DATASET EXTRACT:
· · · · · · ·
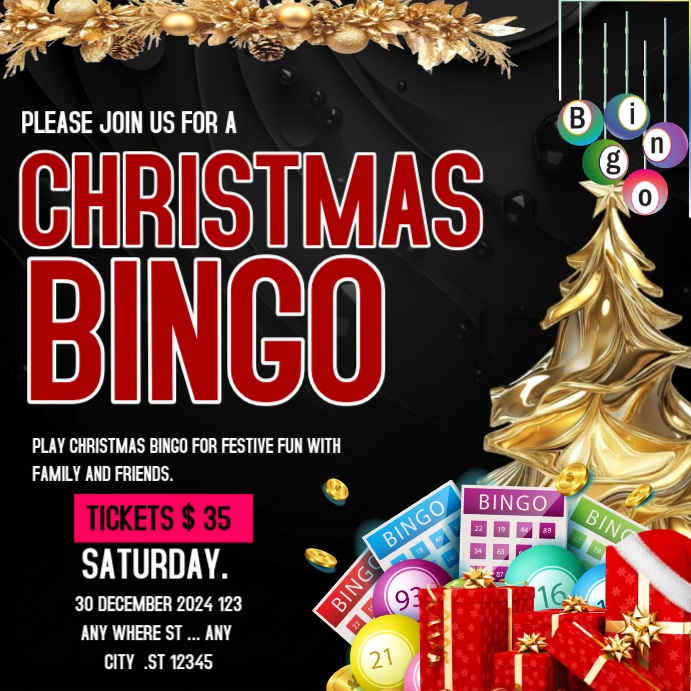 Black Maximalist Christmas Bingo Night Event Party Instagram Post ...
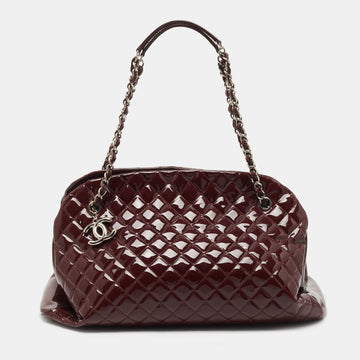 Chanel Burgundy Quilted Patent Leather Large Just Mademoiselle Bowler Bag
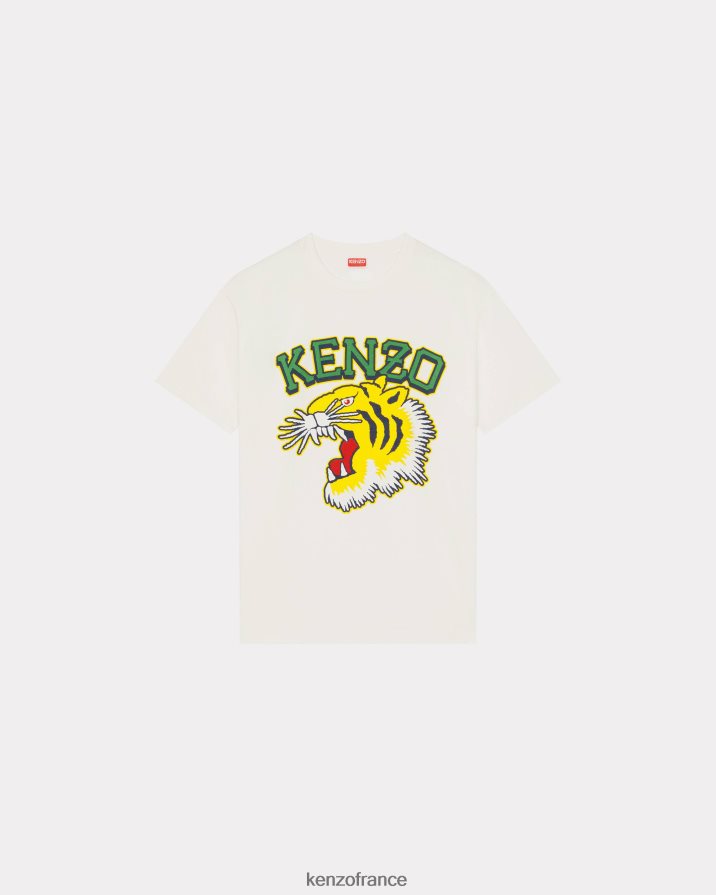 vêtements Kenzo T-shirt oversize tigre de Varsity Jungle blanc cassé Hommes LFF6X0173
· · · · · · ·
WORK ITEM: Leaving out the pictures, repeat the data above exactly.

WRITTEN REPLY:
 Black Maximalist Christmas Bingo Night Event Party Instagram Post ...
 Chanel Burgundy Quilted Patent Leather Large Just Mademoiselle Bowler Bag
 vêtements Kenzo T-shirt oversize tigre de Varsity Jungle blanc cassé Hommes LFF6X0173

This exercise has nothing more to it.